_images/galyleo-logo.png

The Galyleo Python Client

The Galyleo Python client is a module designed to convert Python structures into Galyleo Tables, and send them to dashboards for use with the Galyleo editor. It consists of four components:

  • galyleo.galyleo_table: classes and methods to create GalyleoTables, convert Python data structures into them, and produce and read JSON versions of the tables.

  • galyleo.galyleo_jupyterlab_client: classes and methods to send Galyleo Tables to Galyleo dashboards runniung under JupyterLab clients

  • galyleo.galyleo_constants: Symbolic constants used by these packages and the code which uses them

  • galyleo.galyleo_exceptions; Exceptions thrown by the package

Installation

The galyleo module can be installed using pip:

pip install --extra-index-url https://pypi.engagelively.com galyleo

When the module is more thoroughly tested, it will be put on the standard pypi servers.

License

galyleo is released under a standard BSD 3-Clause licence by engageLively

Galyleo Table

class galyleo.galyleo_table.GalyleoTable(name: str)

A Galyleo Dashboard Table. Used to create a Galyleo Dashboard Table from any of a number of sources, and then generate an object that is suitable for storage (as a JSON file). A GalyleoTable is very similar to a Google Visualization data table, and can be converted to a Google Visualization Data Table on either the Python or the JavaScript side. Convenience routines provided here to import data from pandas, and json format.

aggregate_by(aggregate_column_names, new_column_name='count', new_table_name=None)

Create a new table by aggregating over multiple columns. The resulting table contains the aggregate column names and the new column name, and for each unique combination of values among the aggregate column names, the count of rows in this table with that unique combination of values. The new table will have name new_table_name Throws an InvalidDataException if aggregate_column_names is not a subset of the names in self.schema

Args:

aggregate_column_names: names of the columns to aggregate over new_column_name: name of the column for the aggregate count. Defaults to count new_table_name: name of the new table.

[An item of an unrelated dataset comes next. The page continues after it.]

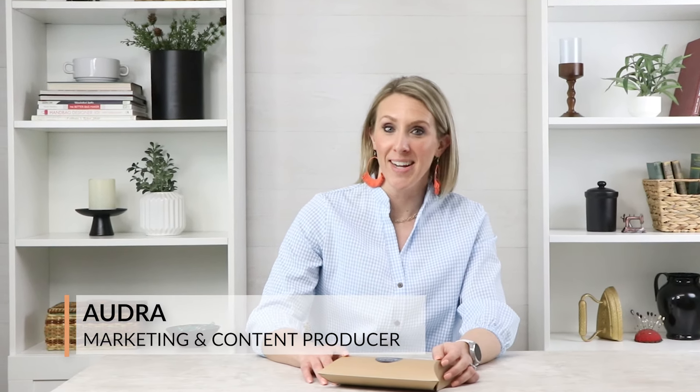Hello. Welcome to the Sally Tomato YouTube channel. I'm Audra, marketing and content producer, and we are excited to open day 12 of the Sally Tomato & Co Box.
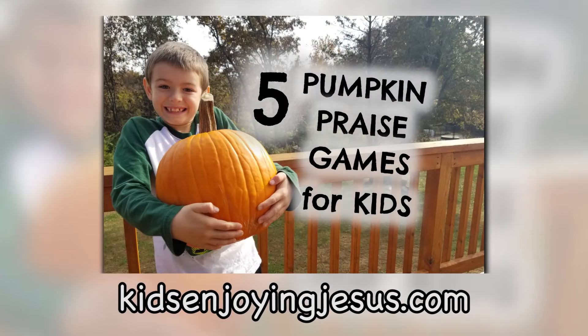If you'd like more ideas to help you use pumpkins to praise God with kids, visit our blog at kidsenjoyingjesus.com.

If omitted, defaults to None, in which case a name will be generated

Returns:

A new table with name new_table_name, or a generated name if new_table_name == None

Throws:

InvalidDataException if one of the column names is missing

as_dictionary()

Return the form of the table as a dictionary. This is a dictionary of the form: {“name”: <table_name>,”table”: <table_struct>} where table_struct is of the form: {“columns”: [<list of schema records],”rows”: [<list of rows of the table>]}

A schema record is a record of the form: {“name”: < column_name>, “type”: <column_type}, where type is one of the Galyleo types (GALYLEO_STRING, GALYLEO_NUMBER, GALYLEO_BOOLEAN, GALYLEO_DATE, GALYLEO_DATETIME, GALYLEO_TIME_OF_DAY). All of these are defined in galyleo_constants.

Args:

None

Returns:

{“name”: <table_name>, “table”: {“columns”: <list of schema records], “rows”: [<list of rows of the table>]}}

equal(table, names_must_match=False)

Test to see if this table is equal to another table, passed as an argument. Two tables are equal if their schemas are the same length and column names and types match, and if the data is the same, and in the same order. If names_must_match == True (default is False), then the names must also match

Args:

table (GalyleoTable): table to be checked for equality names_must_match (bool): (default False) if True, table names must also match

Returns:

True if equal, False otherwise

filter_by_function(column_name, function, new_table_name, column_types={})

Create a new table, with name table_name, with rows such that function(row[column_name]) == True. The new table will have columns {self.columns} - {column_name}, same types, and same order Throws an InvalidDataException if: 1. new_table_name is None or not a string 2. column_name is not a name of an existing column 3. if column_types is not empty, the type of the selected column doesn’t match one of the allowed types

Args:

column_name: the column to filter by function: a Boolean function with a single argument of the type of columns[column_name] new_table_name: name of the new table column_types: set of the allowed column types; if empty, any type is permitted

Returns:

A table with column[column_name] missing and filtered

Throws:

InvalidDataException if new_table_name is empty, column_name is not a name of an existing column, or the type of column_name isn’t in column_types (if column_types is non-empty)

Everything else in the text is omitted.